Statistics from Altmetric.com
Outcomes following paediatric cardiac surgery have long been the subject of clinical, regulatory, media and public scrutiny. There are several reasons for this. The work is among the most technically challenging, resource intensive and emotionally charged clinical activity undertaken. In the UK, past events, public inquiries and intentions to reduce the number of centres performing this surgery provide a rich source of back-stories and a level of public awareness that make paediatric cardiac surgery ripe for political comment and productive journalism.
In this context, collection and open reporting of outcome data at a national level is as fraught with difficulties as it is inescapable. Chief among these is a reasonable expectation from the profession that audit will be ‘fair’ to clinical teams. This translates to a view that, in the reporting of outcomes, account should be taken of the hugely diverse set of diagnoses and comorbid conditions that patients present with, the wide range of surgical procedures performed, differences in case mix between centres and the impact of the relatively small numbers of patients on what can reliably be inferred from data. These characteristics of the specialty make risk-adjustment in outcomes analysis deemed essential, but they also make it very difficult to achieve.
Efforts in a number of countries to collect standardised data on case mix and outcomes for paediatric cardiac surgery (including our own national audit in the UK) have led to a shift from the use of consensus-based risk stratification tools (eg, RACHS-11 and ARISTOTLE2) to risk estimates based on empirical data, for example, the STS-EACTS score.3 This has subtly shifted how risk is conceived of. Earlier subjective methods took account of how intrinsically difficult and complex the operations were.

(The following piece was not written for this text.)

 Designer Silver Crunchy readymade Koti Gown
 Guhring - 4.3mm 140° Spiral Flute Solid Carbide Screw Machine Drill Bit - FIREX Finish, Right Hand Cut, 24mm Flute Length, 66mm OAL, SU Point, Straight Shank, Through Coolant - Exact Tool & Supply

Empirical methods do not—they account for how successful clinical teams are at getting patients through their first month after surgery.
We are part of the research team that developed the empirical risk-adjustment method used by the National Institute of Cardiovascular Outcomes Research (NICOR) in its comparative analyses of UK centre outcomes in March and April 2013.4 The Partial Risk Adjustment in Surgery (PRAiS) model5 ,6 was developed for the purpose of in-house monitoring of short term outcomes by clinical teams.7 In discussing here the use of PRAiS in comparative audit, we hope to illustrate several points important to the interpretation of risk-adjusted outcomes in this surgical specialty, and indeed other areas of clinical practice.

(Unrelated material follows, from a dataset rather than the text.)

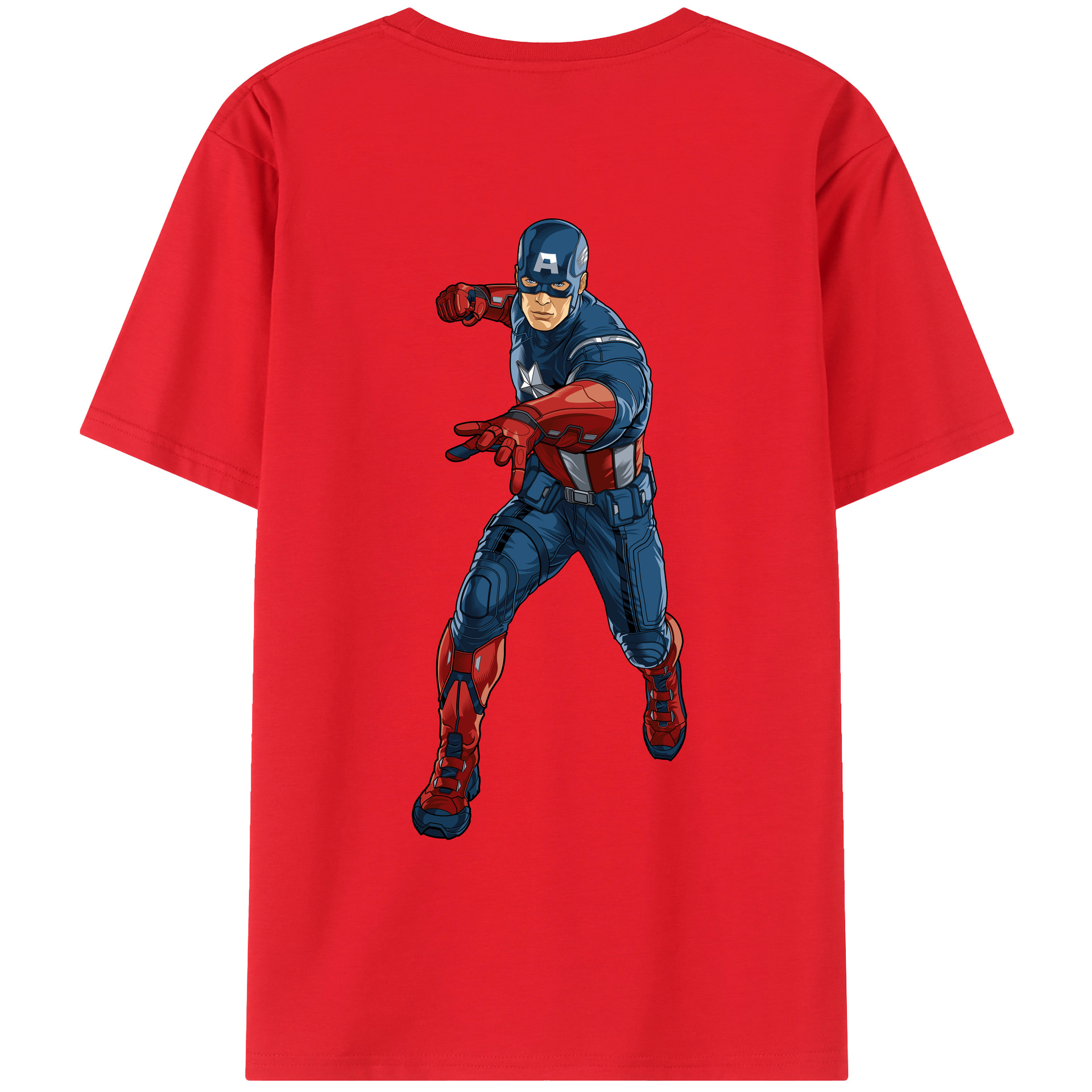 （画像用） アベンジャーズ The Avengers 綿100％ メンズ半袖Tシャツ（バックプリント） 通気性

The original version of PRAiS was developed using 10 years of UK national audit data (2000–2010). While the UK is one of only three countries with mandatory data submission for national audit, and the data completeness and quality were very high for many data-fields, there are inevitable problems in using an audit database for research and then using that research for audit. For instance, comorbidity data were included in the model despite concerns about data quality. Given that comorbidity is clearly clinically relevant when considering the risk of a case, we hoped that its inclusion in a risk model would drive up standards of data completeness and quality. Indeed, a positive development following NICOR's April 2013 report is that, in the 3 years’ worth of data (2009–2012) resubmitted to NICOR by UK centres, data completeness is markedly better than in the initial dataset used to develop PRAiS. In particular, the proportion of records with a recorded comorbidity (excluding Down syndrome) doubled from 15% to 30% of cases. For this reason, and because of seemingly improved raw survival rates since 2007–2010 and with the prospect of further comparative analysis by NICOR, we recalibrated the PRAiS model on this most recent 2009–2012 dataset at NICOR's request (details of the current calibration of PRAiS will always be available on: http://www.ucl.ac.uk/operational-research/AnalysisTools/PRAiS).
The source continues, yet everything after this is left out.